The results of the antiretroviral treatment programme run by Medecins Sans Frontieres (MSF) in Khayelitsha clinics can be compared with results that are achievable anywhere in the developed world.
This was the claim by Dr Eric Goemaere of MSF about the pilot programme which began in Khayelitsha in May 2001. He said that of the 85 patients who underwent the treatment, most of whom were at the terminal stage of the disease, 92% now have undetectable viral loads.
Goemaere was speaking on Tuesday at a media briefing in Johannesburg on the return of representatives of the Treatment Action Campaign from Brazil with generic drugs for the Khayelitsha antiretroviral treatment programme.
“The questions about antiretroviral therapy are feasibility and affordability, and here we have shown that it is feasible. We don’t want to say it is simple, but it is feasible,” he said.

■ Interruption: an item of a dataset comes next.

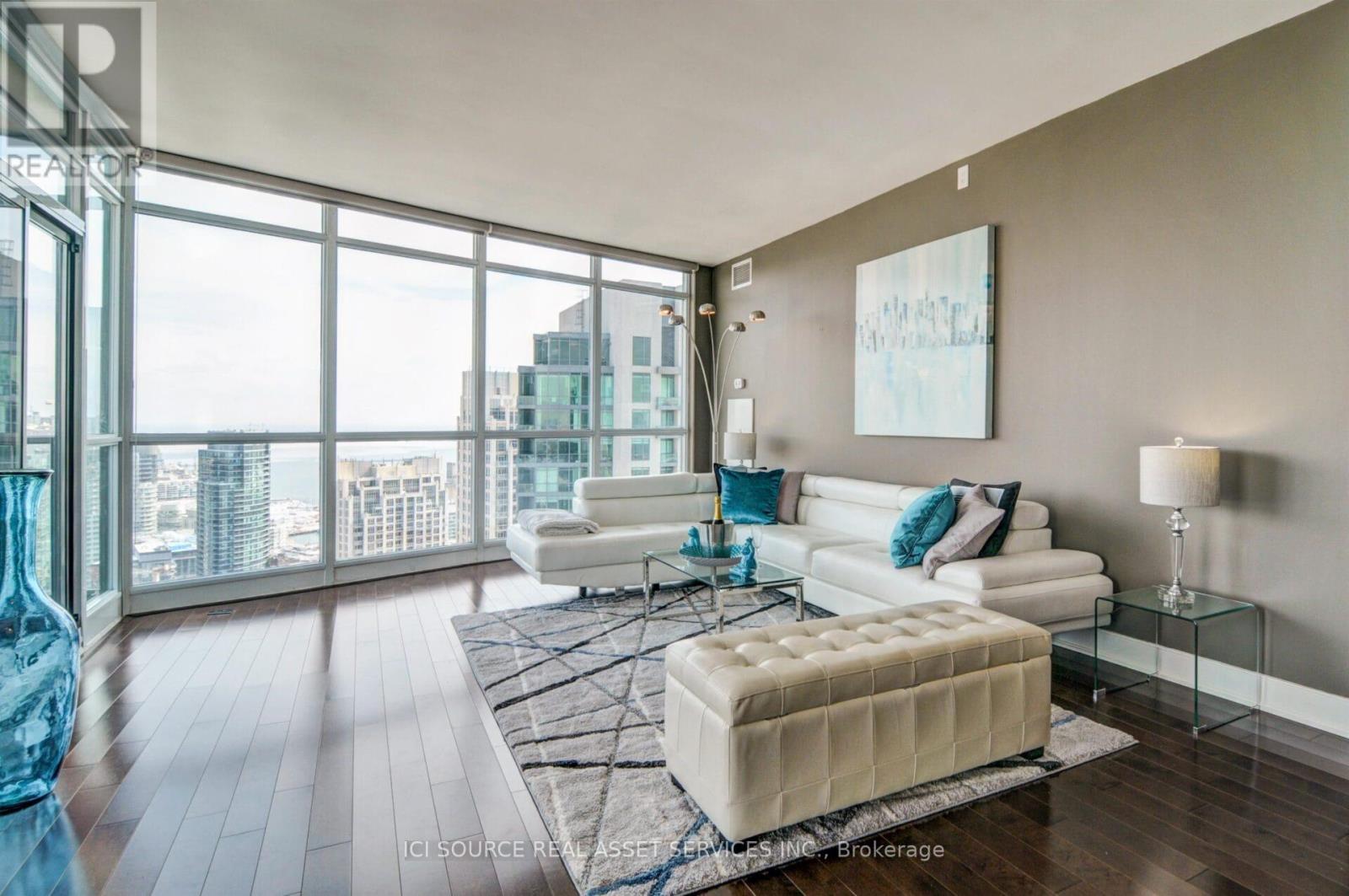 Lph02 - 219 Fort York Boulevard, Toronto, Ontario  M5V 1B1 - Photo 16 - C12582758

Proponents for the use of antiretroviral therapy (ART) have constantly come up against arguments that it is not possible to implement this treatment programme in South Africa as people in poor countries are not able to adhere to the treatment regimen.
Despite national government’s refusal to provide antiretroviral treatment, the MSF signed an agreement with the Western Cape health department nearly two years ago to implement the programme in three government clinics in Khayelitsha and to test its feasibility.
In May last year, combination antiretroviral therapy was introduced to a group of people in advanced stages of AIDS. To date, 85 people have received antiretroviral therapy and 50 of these are receiving Brazilian medicines. With the Brazilian generic antiretrovirals, MSF can treat twice the number of people with the same amount of money.
Matthew Damane, who is living with AIDS and is on the antiretroviral programme, said “I have personally benefited from the MSF programme. I went to Brazil to bring back generics so that more people like me can have access to these medicines.”
Damane said his viral load was 95 000 (replications of the HIV-virus) before the treatment, but it is now undetectable. “I couldn’t even work before the treatment, but now I am well,” he said. He works as an HIV counsellor in Tygerberg Hospital.
There were side effects, but these were closely monitored by doctors. Damane was able to comply with the very complicated treatment regimen with the support of a family member who would remind him to take his tablets and with a peer support group. “I can’t forget to take my treatment because this is my life,” he said.
Goemaere said MSF was purchasing the antiretrovirals from a private pharmacy in Cape Town at a cost of $3,20 per patient per day. Now they are paying $1,55 per day with the Brazilian drugs. While they have had many offers of affordable medicines, MSF chose the Brazilian offer because “they were able to assure us quality and control by an internationally recognised institute”
MSF is currently using the antiretroviral drugs AZT, 3TC, co-formulated AZT/3TC, and nevirapine produced by FarManguinhos.
“Our project shows that antiretroviral therapy is feasible in a resource-poor setting, contrary to those who insist that poor Africans are not able to successfully take these drugs. Patients who were critically ill are now returning to their normal lives,” Goemaere said.
“We have seen firsthand that these drugs can be used safely and effectively, here in South Africa. As medical professionals it is our duty to offer these benefits to as many patients as possible.”
Zackie Achmat, chairperson of the Treatment Action Campaign, said the MSF would never be able to bring in enough medicines for the whole country, and called on government to apply for compulsory licences and to ensure that the medicines are produced locally.
Oxfam representative Don Mullins said the price of antiretroviral medicines, available at private pharmacies, had fallen but even at the reduced prices they were still unaffordable to most people. He said the way the patent was being used was a key barrier to making the drugs more affordable and that government could make use of compulsory licences for the local production of generic medicines.
The World Trade Organisation meeting in Doha in November demonstrated that South Africa had been given international support in making use of the tool of compulsory licences in order to produce generics.